--- Work instruction ---
As the answer, give exactly the lines of the records below from the one with "If you have" through the one with "Автоматическая кормушка для", ends included and pictures left out.

--- Provided data ---
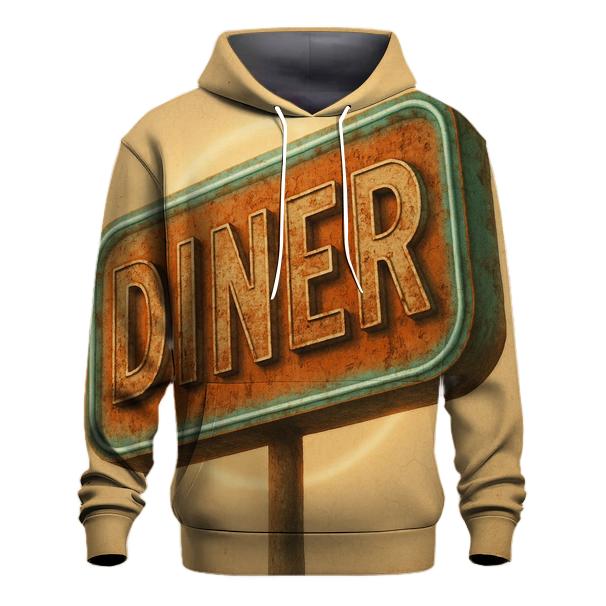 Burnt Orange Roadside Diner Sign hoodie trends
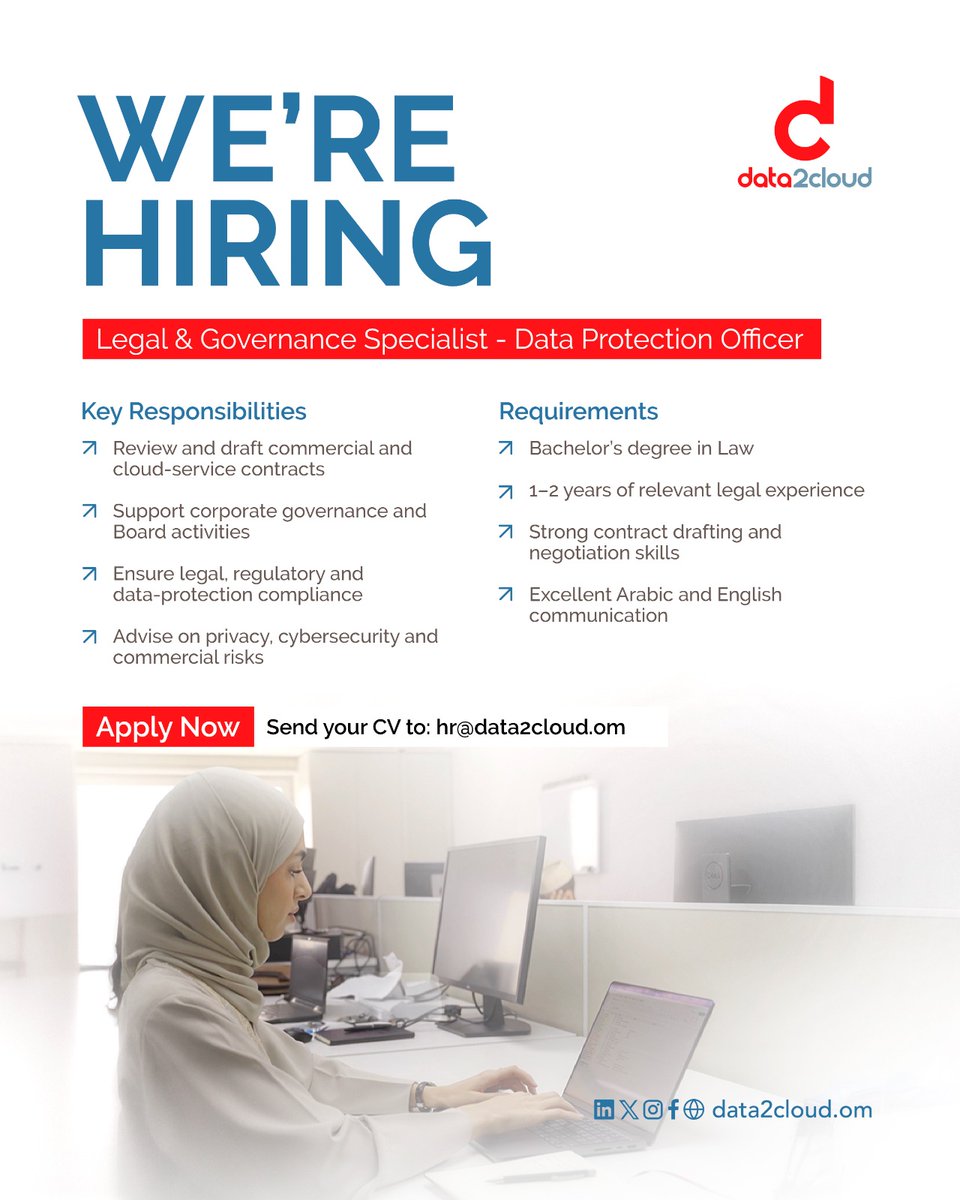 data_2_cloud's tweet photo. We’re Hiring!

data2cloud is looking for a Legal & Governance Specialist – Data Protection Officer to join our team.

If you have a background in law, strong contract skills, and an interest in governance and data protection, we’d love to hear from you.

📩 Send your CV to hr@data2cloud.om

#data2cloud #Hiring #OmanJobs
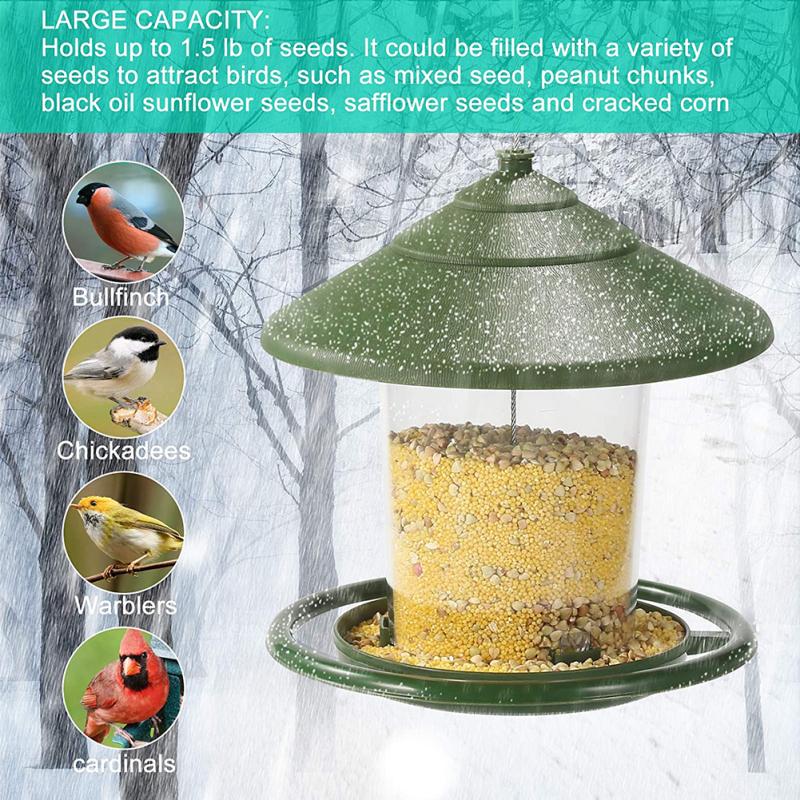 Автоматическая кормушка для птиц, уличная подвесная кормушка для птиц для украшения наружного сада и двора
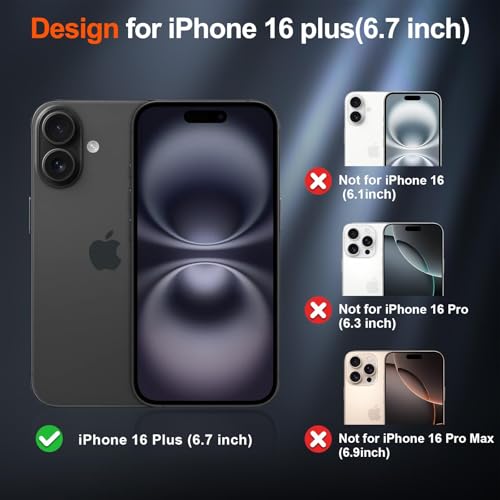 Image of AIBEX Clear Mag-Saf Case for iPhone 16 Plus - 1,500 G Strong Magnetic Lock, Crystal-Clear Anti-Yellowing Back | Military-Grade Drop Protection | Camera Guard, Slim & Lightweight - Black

--- Expected answer ---
If you have a background in law, strong contract skills, and an interest in governance and data protection, we’d love to hear from you.

📩 Send your CV to hr@data2cloud.om

#data2cloud #Hiring #OmanJobs
 Автоматическая кормушка для птиц, уличная подвесная кормушка для птиц для украшения наружного сада и двора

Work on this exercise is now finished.